Unfortunately much of the initial commentary was defensive, attacking Barnett for claims he did not make. Yudkowsky placed a disclaimer on Hidden Complexity of Wishes implausibly denying that it is an AI parable. This could be surprising. Yudkowsky’s Coming of Age and How to Actually Change Your Mind sequences are excellent. What went wrong?
An underappreciated sub-skill of rationality is noticing that I have, in the past, changed my mind. For me, this is pretty easy when I think back to my teenage years. But I’m in my 40s now, and I find it harder to think of major updates during my 20s and 30s, despite the world (and me) changing a lot in that time. Seeing this pattern of defensiveness in other people made me realize that it’s probably common, and I probably have it to. I wish I had a guide to middle-aged rationality. In middle-age my experience is supposed to be my value-add, but conveniently forgetting my previous beliefs throws some of that away.
Epistemic status: minimal. Mostly feelings.

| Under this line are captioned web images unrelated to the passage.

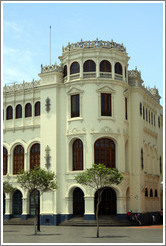 Building near the Plaza San Mart? Historic Center of Lima.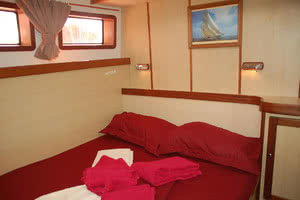 intérieur cabine croisiere catamaran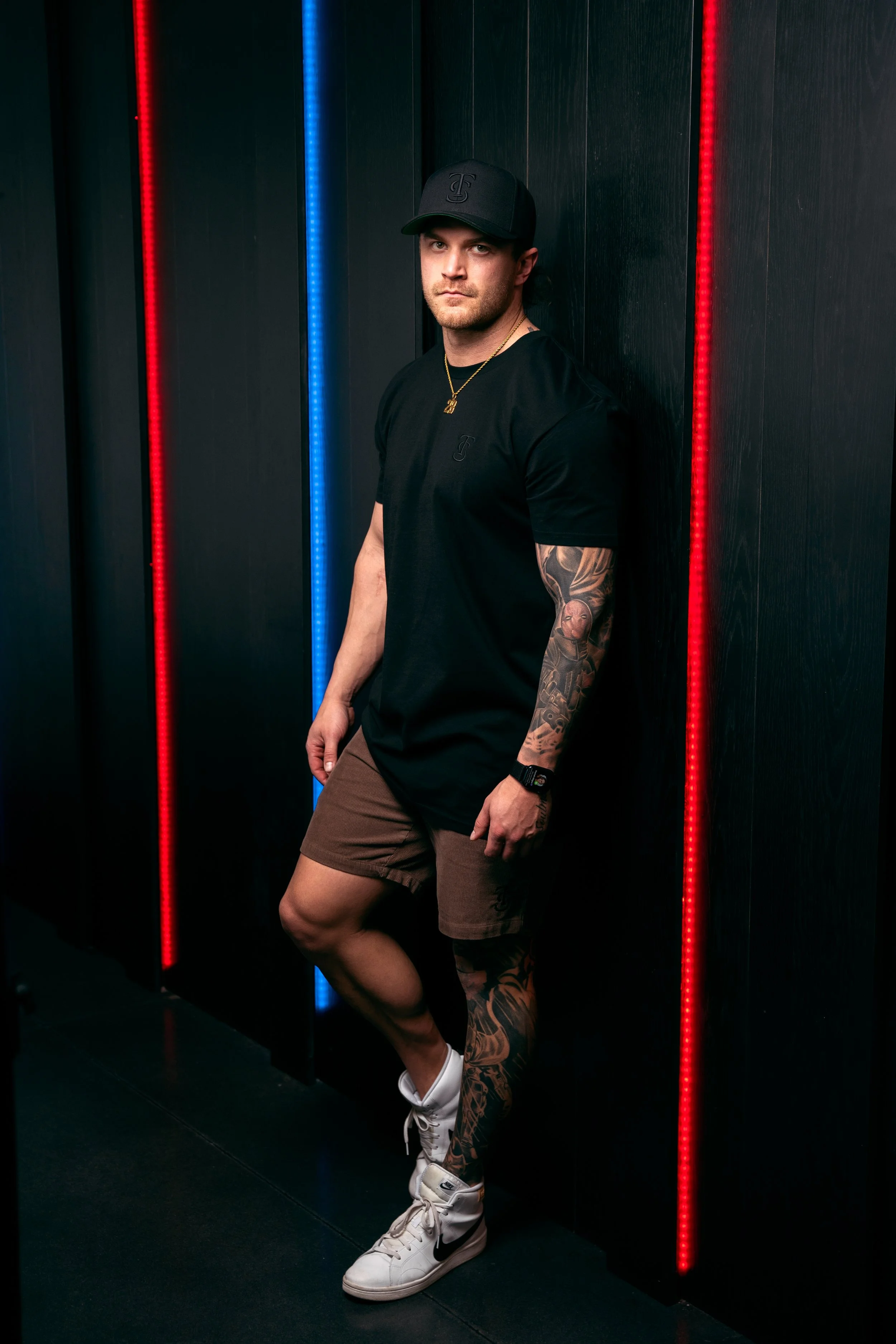 T&S_Icon_Lifestyle_ProductName_Model - DSC09459.jpg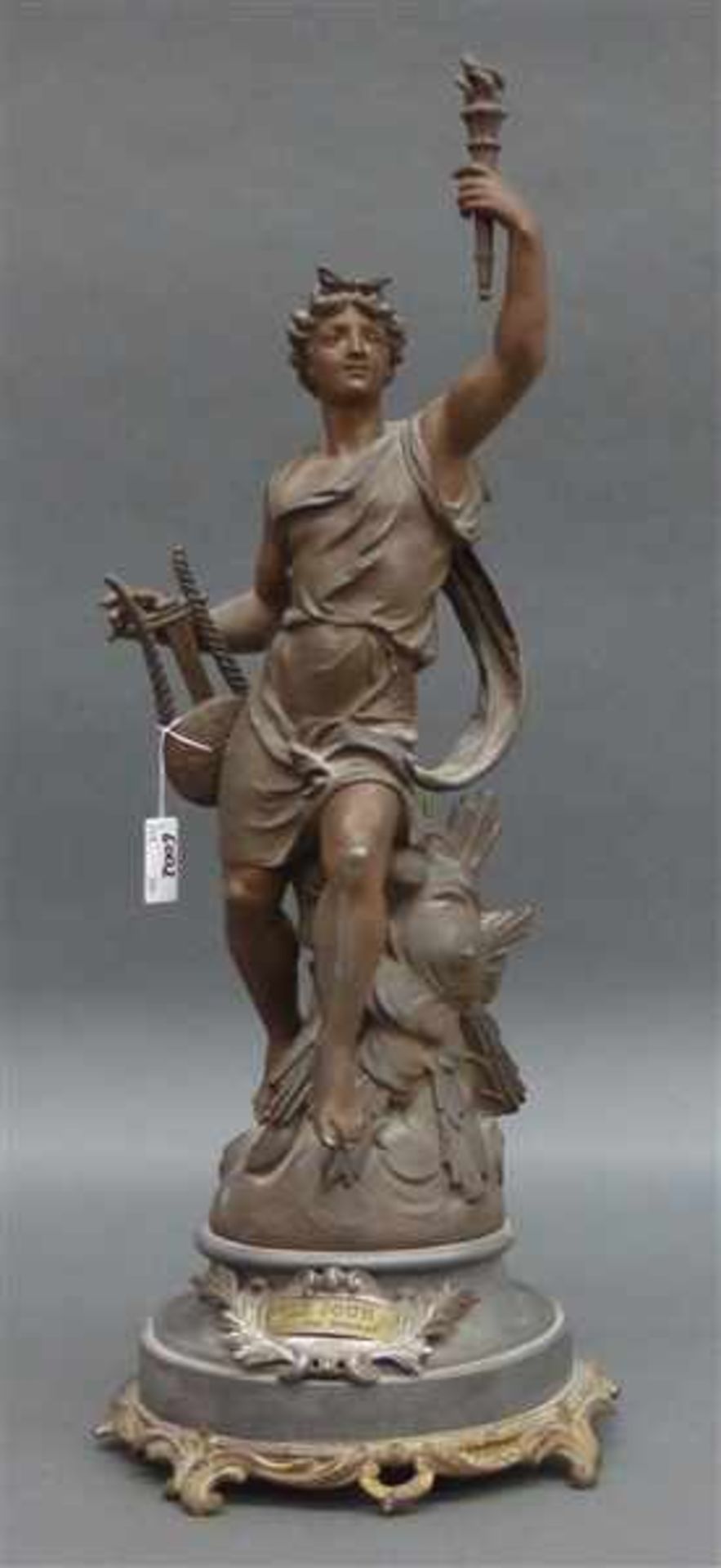 Grußskulptur stehender Mann mit Fackel und Musikinstrument, auf Gusssockel, Mitte 20. Jh., h 51 cm,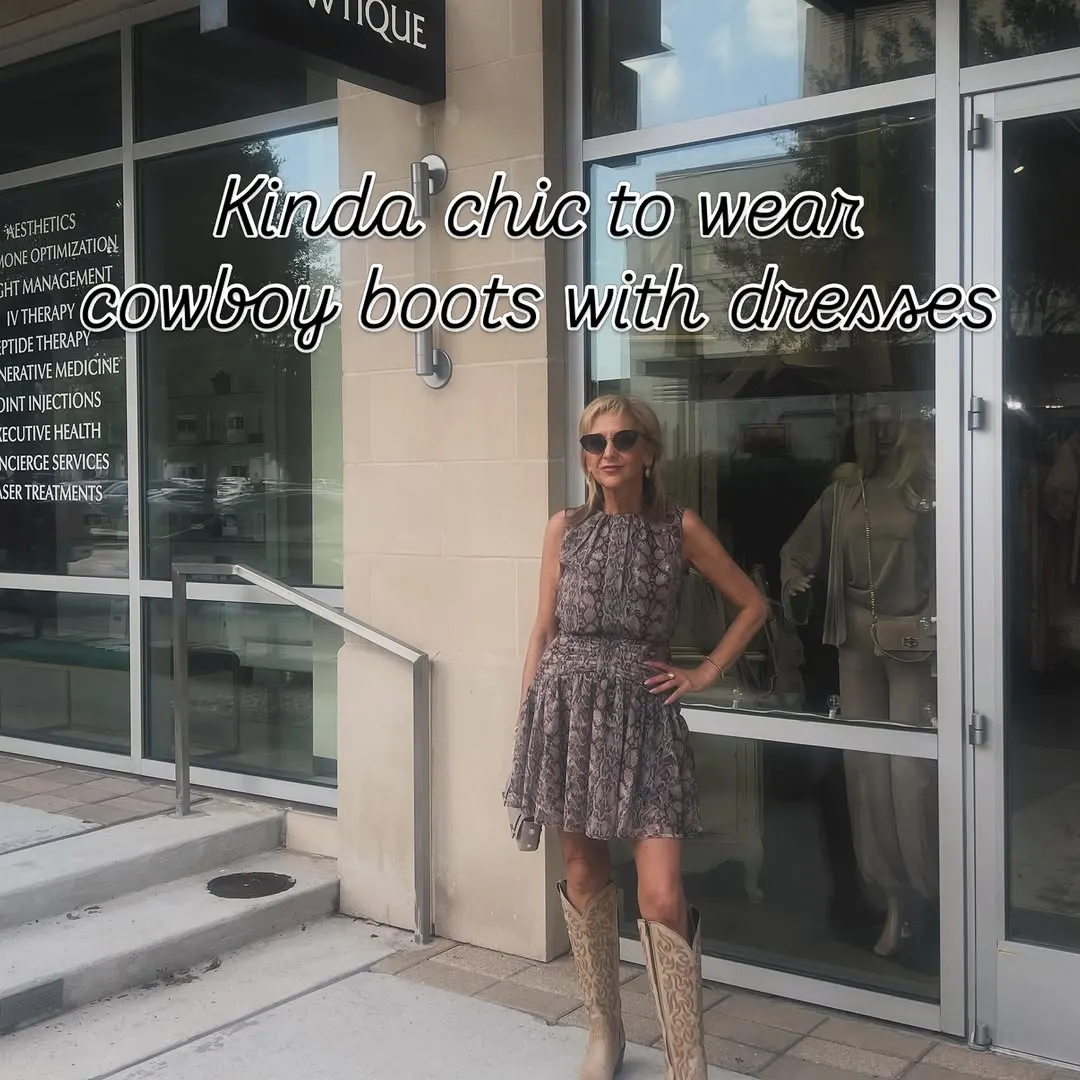 Kinda chic to shop at Bowtique 🎀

Sometimes I read people saying that Yudkowsky-2008 didn’t say this, the post wasn’t about that, and so forth, including Yudkowsky himself. Not with evidence, not with a better reading, just a denial. Perhaps people are overestimating how accurately their brain has maintained a model of what Yudkowsky wrote 10+ years ago. If Alice read the sequences in 2008 and Bob read the sequences in 2024, then Bob has a better model of what the sequences said. Evidence and arguments screen off authority.
But more importantly to me (here come the feelings), these defensive anti-interpretations of the sequences are boring and narrow and ugh. By positing that multiple apparently literate people misread the sequences both at the time (read the old comments), and today (read the new comments), they paint a picture of young Yudkowsky as a bad writer who attracted bad readers.
As I read it, the Hidden Complexity of Wishes is a glorious parable about AI and genies that paints graphic images of failure cases and invites both thought and imagination from the reader. As Yudkowsky-2024 tells me to read it, it is just making a point about the algorithmic complexity of human values. Yeah, I deny that, Death of the Author and all.
Likewise, as I read it, Magical Categories is about, well, categories. Categories that matter for capabilities and for alignment and for humans. It’s part of a network of rationalist thought that has ripples today in discussions about gender, adversarial examples, natural abstractions, and more. As others read it, Magical Categories is always in every instance talking about getting a shape into the AI’s preferences, never some other thing.
No thanks. Where recursive justification hits bottom is, I read LessWrong with my brain, it’s the only one I have.